Mentre a Miami, la delegazione di Zelensky discute con gli americani la delicata questione dei confini, punto chiave e tra i più controversi della trattativa di pace, sembra ormai evidente a tutti che non sia più il se, quanto piuttosto il quando, la vera incognita che separa il governo di Kiev dalla firma del Piano di Trump. In altre parole, dalla resa dell’Ucraina – e dalla disfatta dell’Europa e della Nato – alla Russia.

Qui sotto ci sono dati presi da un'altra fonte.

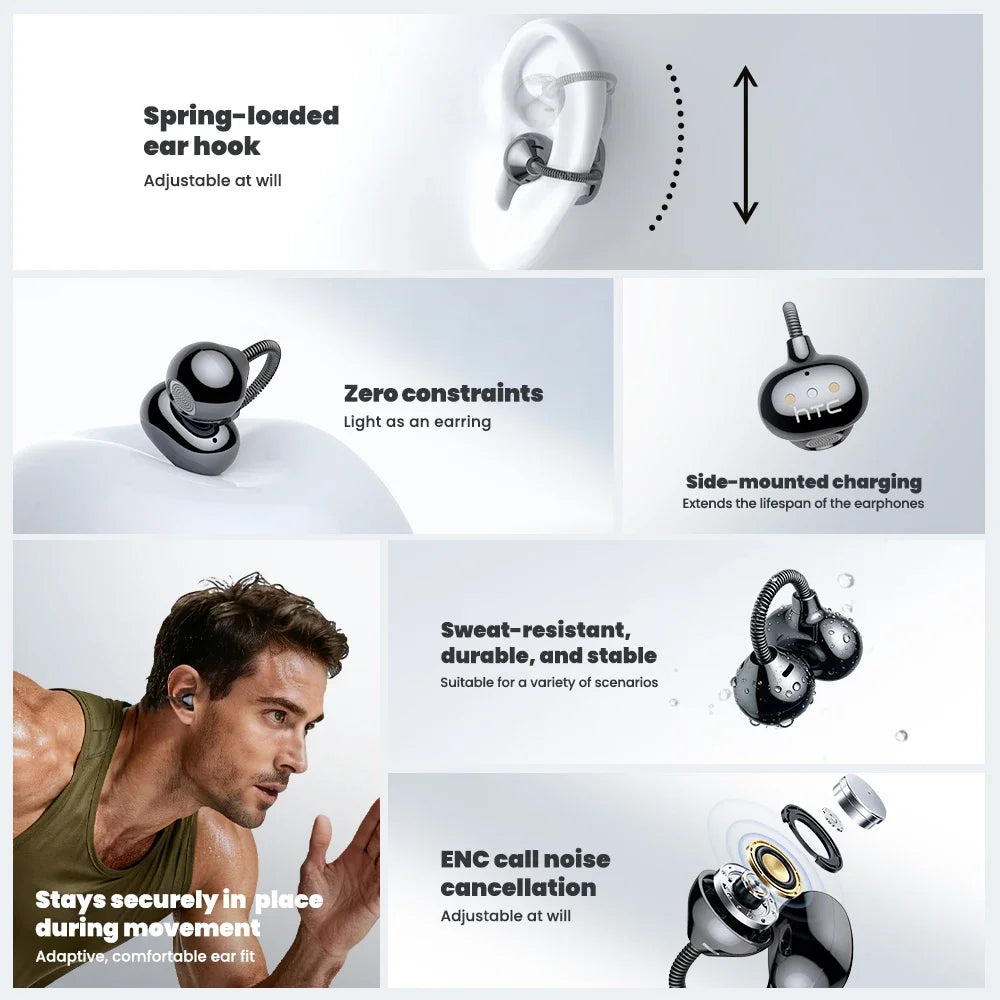 HTC NE67 AI Translation Earbuds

Non c’è da sorprendersi, d’altra parte, se i sedicenti leader Ue, con i vertici del Patto atlantico (esclusi gli Usa), stiano cercando in tutti i modi di gettare benzina sul fuoco. Finché c’è guerra, per loro, c’è ancora speranza. Sempre meglio che giustificare ai propri elettori la fallimentare scommessa sulla vittoria dell’Ucraina oltre al folle – e già impopolare – piano di riarmo che, se scoppiasse davvero la pace, non saprebbero più come giustificare. Ieri, per dire, è toccato al capo di Stato maggiore italiano, l’ammiraglio Giuseppe Cavo Dragone, in veste di presidente del Comitato militare della Nato, tenere alta la tensione. “Stiamo studiando tutto sul fronte informatico, siamo in un certo senso reattivi – ha detto, intervistato dal Financial Times. Essere più aggressivi o proattivi invece che reattivi è qualcosa a cui stiamo pensando”. Usando espressioni come “attacco preventivo” che potrebbe però essere considerato “un’azione difensiva”.
Un ossimoro che non è sfuggito al Cremlino: “Riteniamo che la dichiarazione di Cavo Dragone sui potenziali attacchi preventivi contro la Russia sia un passo estremamente irresponsabile, che dimostra la volontà dell’alleanza di continuare a muoversi verso un’escalation”. Insomma, l’ennesimo tentativo di sabotare i negoziati di pace in corso. Ma derubricato come “una questione che deve seguire la Nato” e che “non tocca a noi”, dal ministro degli Esteri Antonio Tajani. Ma sarebbe appena il caso di ricordargli che, accettando il suo ruolo di governo, ha giurato sulla Costituzione italiana e non sul Trattato dell’Alleanza Atlantica.
La stessa Costituzione che, all’articolo 11, stabilisce che “L’Italia ripudia la guerra come strumento di offesa e di risoluzione delle controversie internazionali”. Dovrebbe saperlo da solo. Ma con il ministro del diritto internazionale che “conta fino a un certo punto” repetita iuvant.